CRIM 4396 Selected Topics in Criminology (3 semester hours) Subject matter will vary from semester to semester. Examples include: "Gangs", "Organized Crime", "White Collar Crime", "Criminalistics", and "Gun Control." May be repeated for credit (9 hours maximum). (3-0) R

CRIM 4V97 Independent Study in Criminology (1-6 semester hours) Independent study under a CRIM faculty member’s direction. Prerequisite: Consent of instructor required. May be repeated for credit (6 hours maximum). ([1-6]-0) S

CRIM 4V98 Internship in Criminology (1-6 semester hours) May be repeated for credit (6 hours maximum).

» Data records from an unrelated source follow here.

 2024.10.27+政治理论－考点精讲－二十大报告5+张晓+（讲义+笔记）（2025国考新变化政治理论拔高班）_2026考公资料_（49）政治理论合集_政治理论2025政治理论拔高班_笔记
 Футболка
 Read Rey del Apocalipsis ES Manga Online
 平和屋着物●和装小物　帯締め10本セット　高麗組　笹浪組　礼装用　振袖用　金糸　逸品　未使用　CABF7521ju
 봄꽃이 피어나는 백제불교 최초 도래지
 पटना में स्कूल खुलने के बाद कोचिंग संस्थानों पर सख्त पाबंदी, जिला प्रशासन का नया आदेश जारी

This course can only be takenCredit/No Credit. Prerequisite: Consent of instructor required. ([1-6]-0) S

CRIM 4V99 Senior Honors in Criminology (1-6 semester hours) For students conducting independent research for honors theses or projects. May be repeated for credit (6 hours maximum). ([1-6]-0) S

*Transfer students with credit earned in courses marked with an asterisk will be given equivalent UT Dallas as applied to Criminology Major Preparatory Courses. Similar advanced courses will be recommended for transfer students and current UT Dallas students without the Criminology Major Preparatory component completed.